Early Stopping – Divide training data into a training set and a validation set and start training the model. Monitor the error on the validation set after each training iteration. Normally, the validation error and training set errors decrease during training, but when the network begins to overfit the data, the error on the validation set begins to rise. Early stopping occurs in one of two cases:
- If the training is unsuccessful, for example in a case where the error rate increases gradually over several iterations.
- If the training’s improvement is insignificant, for example, the improvement rate is lower than a set threshold.
Regularization – Regularization is a slightly more complex technique which involves modifying the error function (usually calculated as the sum of squares on the errors for the individual training or validation samples).

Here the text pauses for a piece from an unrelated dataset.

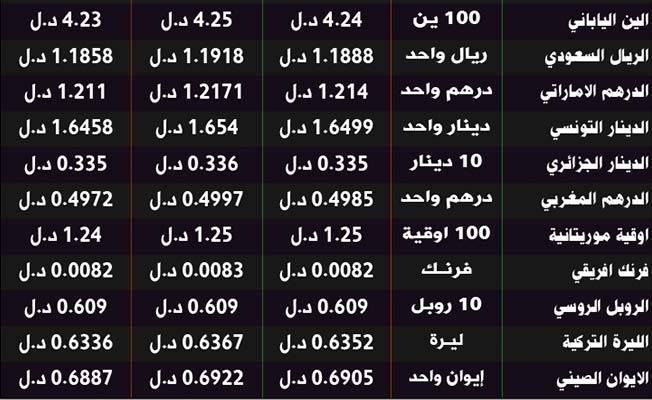 جدول بأسعار صرف العملات الأجنبية أمام الدينار في السوق الرسمية، 15 فبراير 2021. (مصرف ليبيا المركزي)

Without getting into the math, the trick is to add a term to the error function, which is intended to decrease the weights and biases, smoothing outputs and making the network less likely to overfit.
Tuning Performance Ratio – The regularization term includes a performance ratio γ—this is a parameter that defines by how much the network will be smoothed out.
- You can manually set a performance ratio—if you set it to zero, the network won’t be regularized at all, and if you set it to 1 it will not fit the training data at all.
- It is also possible to automatically learn the optimal value of the performance ratio and then apply it to the network to achieve a balance.
Methods to Avoid Underfitting in Neural Networks—Adding Parameters, Reducing Regularization Parameter
What happens when the neural network is “not working”—not managing to predict even its training results? This is known as underfitting and reflects a low bias and low variance of the model. The following are common methods for improving fit—the goal is to increase bias and variance of the model.
Adding neuron layers or input parameters – For complex problems, adding neuron layers can help generate more complex predictions and improve the fit of the model. Another option, if relevant for your problem, is to increase the number of input parameters flowing into the model
Adding more training samples, or improving their quality – The more training samples you provide, and the better they represent the variance of parameters in the population at large, the better the network will learn.
Dropout – Another way to improve model fit is to randomly “kill” a certain percentage of the neurons in every training iteration. This can help improve generalization by ensuring that some of the information learned from the training set is randomly removed.
Decreasing regularization parameter – If you attempted to improve the model fit with regularization, you may have overdone it! Decrease the performance ratio to improve the fit and reduce bias.